BEGIN RECORDS SUPPLIED

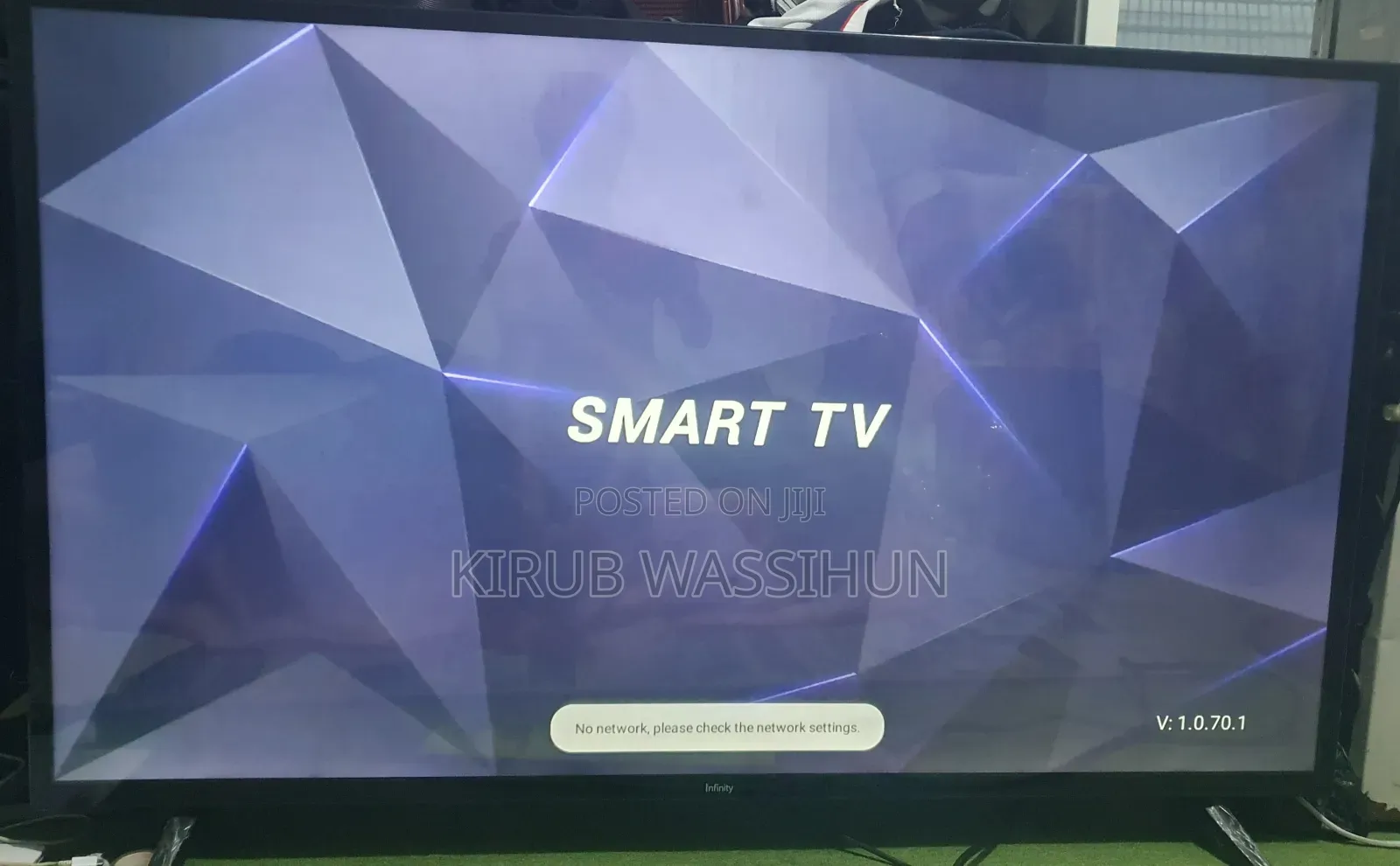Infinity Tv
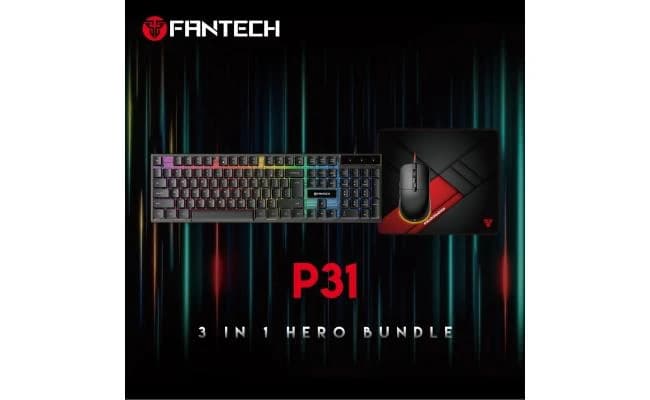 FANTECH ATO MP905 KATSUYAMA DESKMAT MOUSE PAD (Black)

END RECORDS SUPPLIED
BEGIN RECORDS SUPPLIED

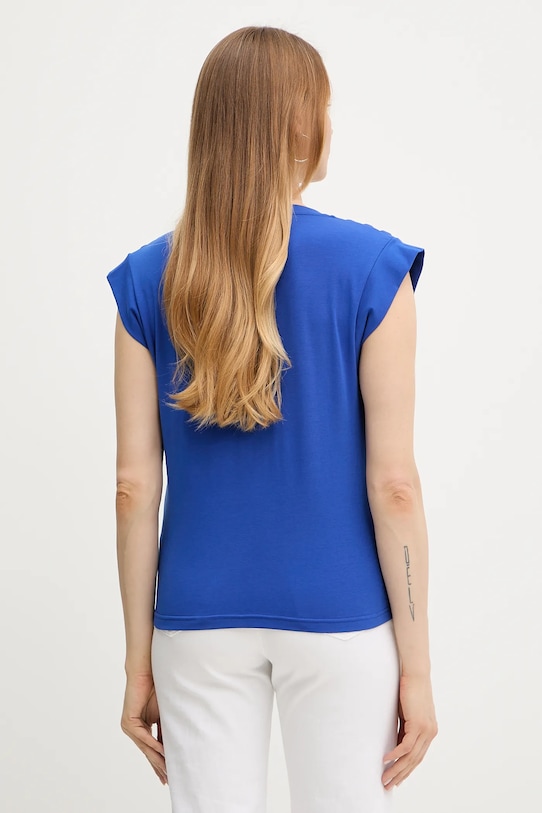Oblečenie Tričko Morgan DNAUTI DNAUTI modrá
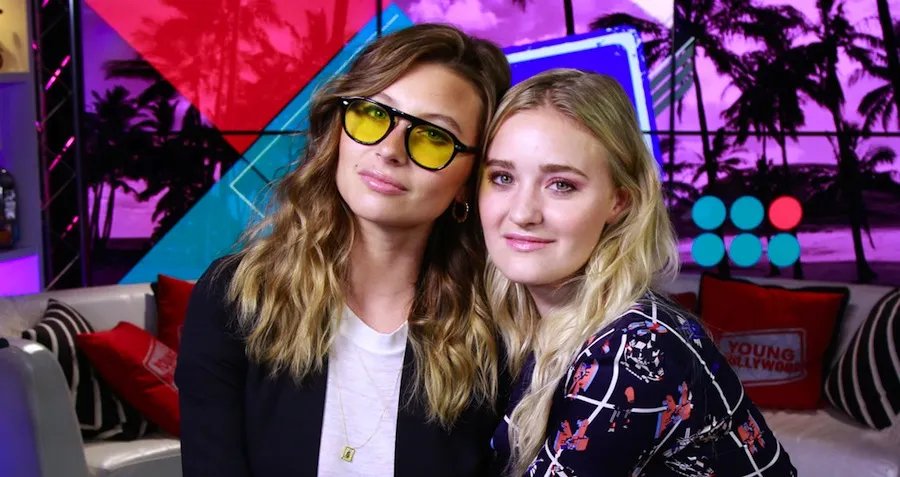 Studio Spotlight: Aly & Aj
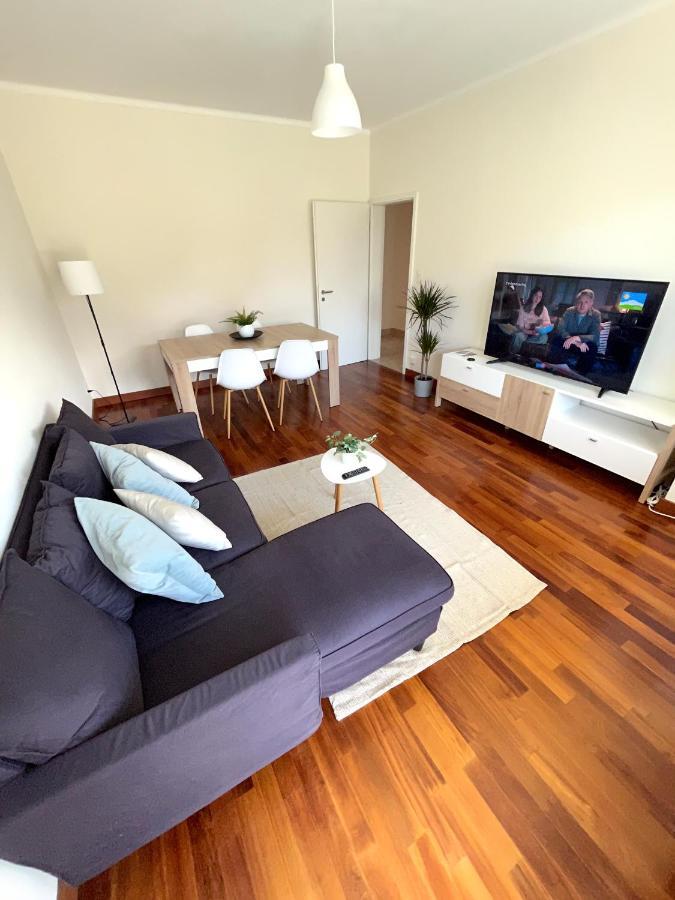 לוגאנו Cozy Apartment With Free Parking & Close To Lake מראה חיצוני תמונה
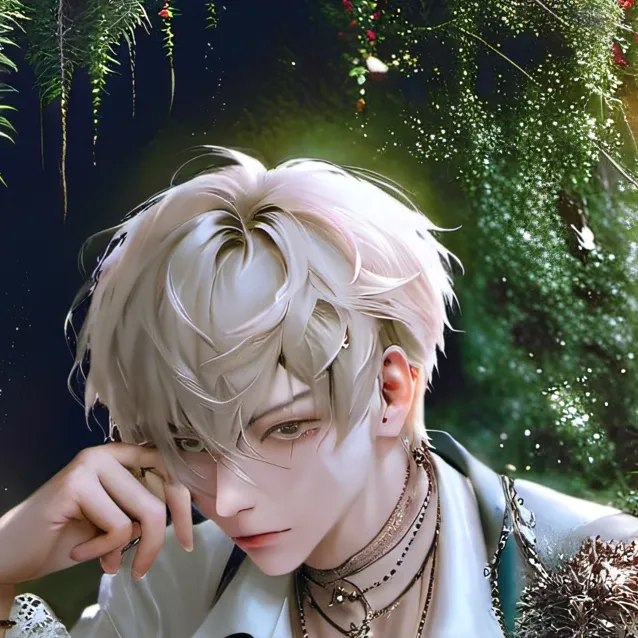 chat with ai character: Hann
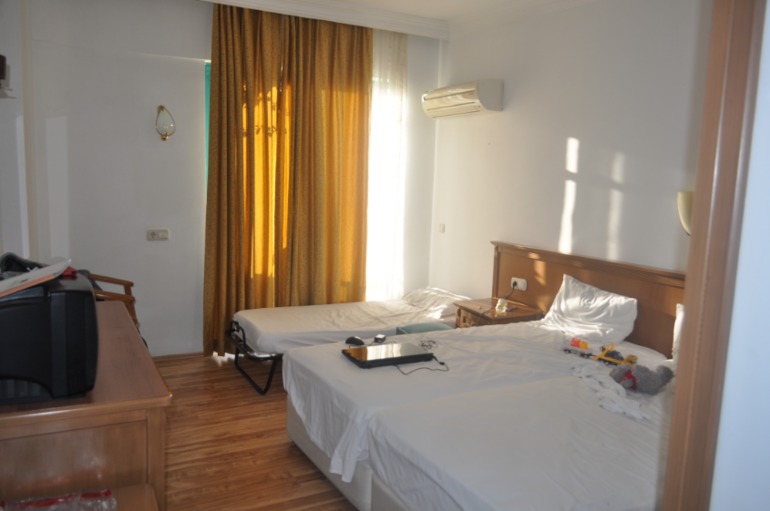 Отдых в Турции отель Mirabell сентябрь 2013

END RECORDS SUPPLIED

## WORK ITEM
Only the lines above starting with the line with "Infinity Tv" and going on through the line with "FANTECH ATO MP905" belong in the answer; repeat them exactly, minus any picture.

## EXPECTED ANSWER
Infinity Tv
 FANTECH ATO MP905 KATSUYAMA DESKMAT MOUSE PAD (Black)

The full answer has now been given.